◆ What you should do ◆
The answer is to be the lines below that lie between the line holding "Alternate-Image10 Image for" and the line holding "Magic Scrub Dish", inclusive, transcribed exactly and free of pictures.

◆ Provided material ◆
+ + +
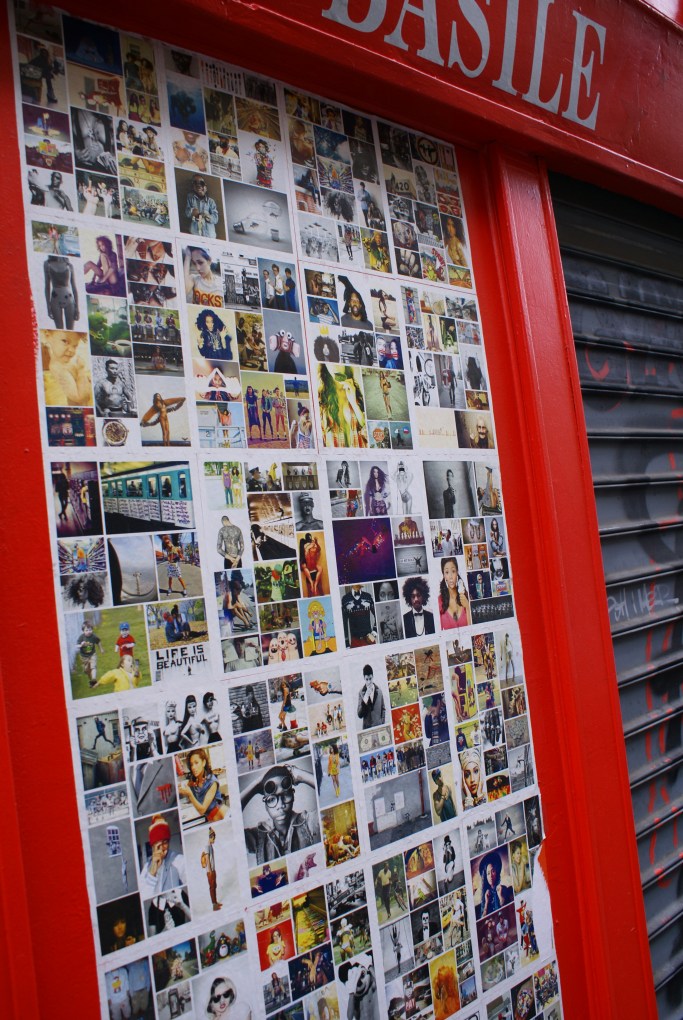 Wall art in Montmartre, Paris. Feb 10, 2013.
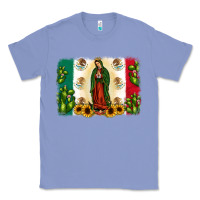 Colony Blue mexican flag our lady of guadalupe Classic Tee - JahusDesignShop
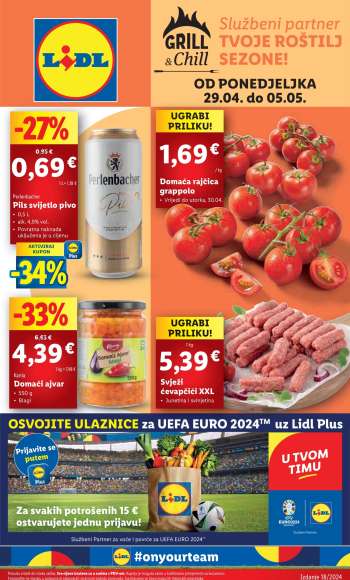 Lidl katalog - 29.04.2024. - 05.05.2024.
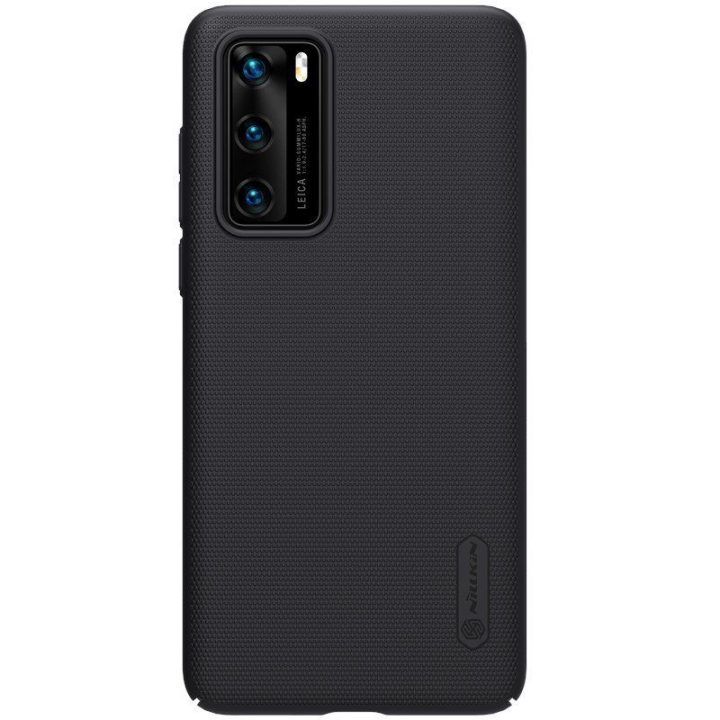 Dėklas Huawei P40 Nillkin Super Frosted Shield, juodas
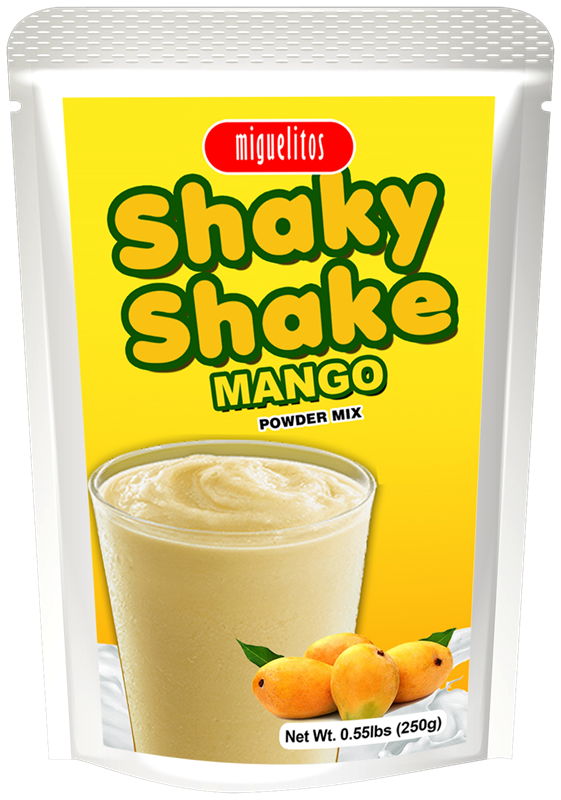 Shaky Shake Powder Mix Mango pouch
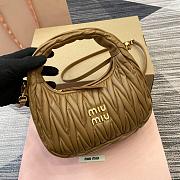 Miu Miu Wander Matelasse Brown Size 23x13x7cm - 2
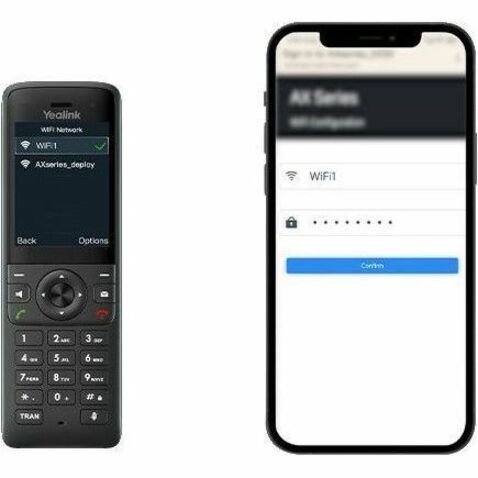 Alternate-Image10 Image for Yealink AX83H IP Phone - Cordless - Wi-Fi, Bluetooth - 5 Multiple Conferencing - Wall Mountable, Stand Mountable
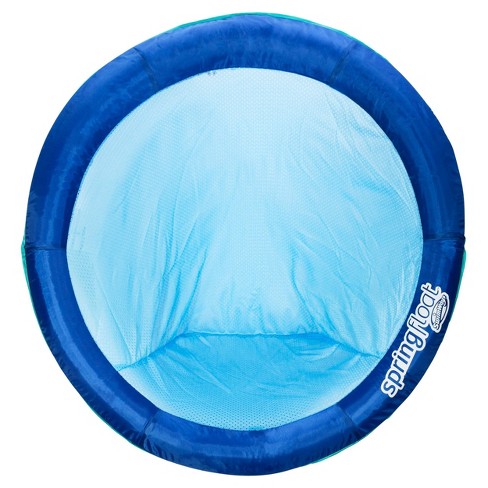 Swimways Spring Float Papasan Pool Lounger With Hyper-flate Valve ...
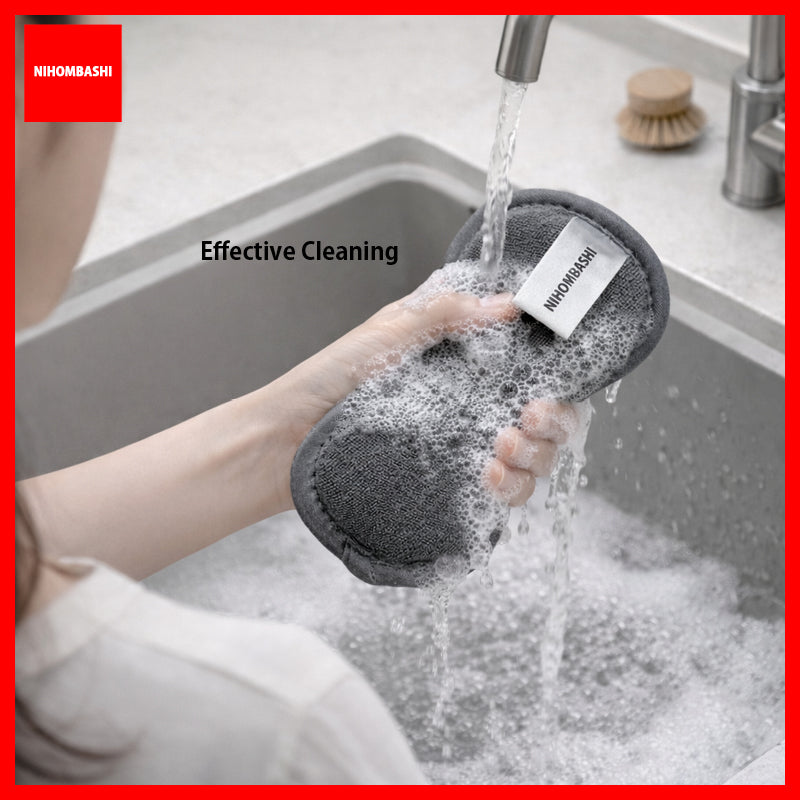 Magic Scrub Dish Sponge, Non-Scratch Double-Sided Kitchen Sponge 5pcs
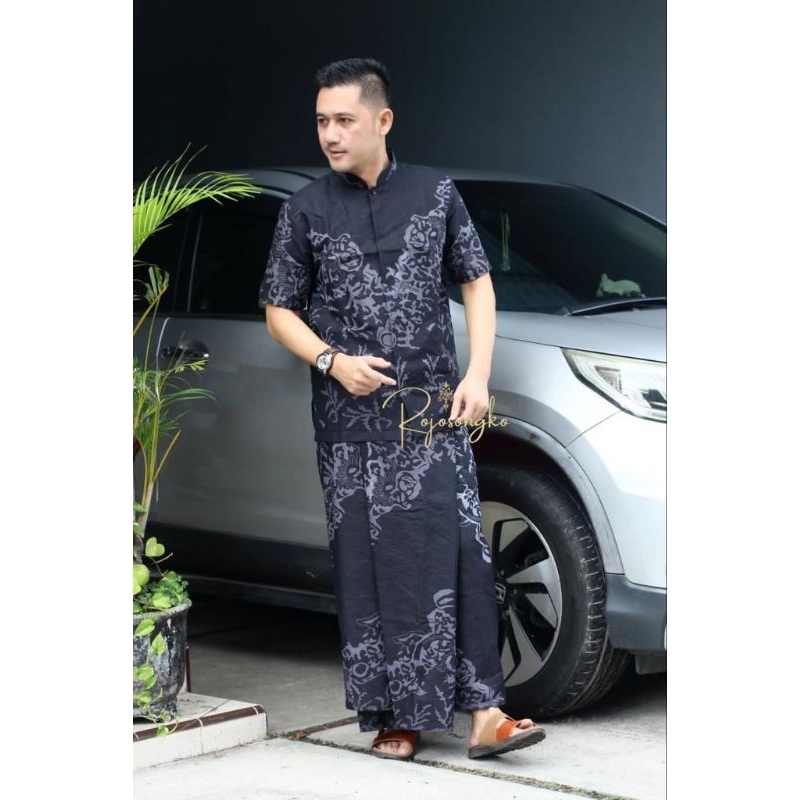 BATIK KOKO SETELAN SARUNG PANJAG PENDEK FULL FURING BAHAN KATUN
+ + +
◆ Response ◆
 Alternate-Image10 Image for Yealink AX83H IP Phone - Cordless - Wi-Fi, Bluetooth - 5 Multiple Conferencing - Wall Mountable, Stand Mountable
 Swimways Spring Float Papasan Pool Lounger With Hyper-flate Valve ...
 Magic Scrub Dish Sponge, Non-Scratch Double-Sided Kitchen Sponge 5pcs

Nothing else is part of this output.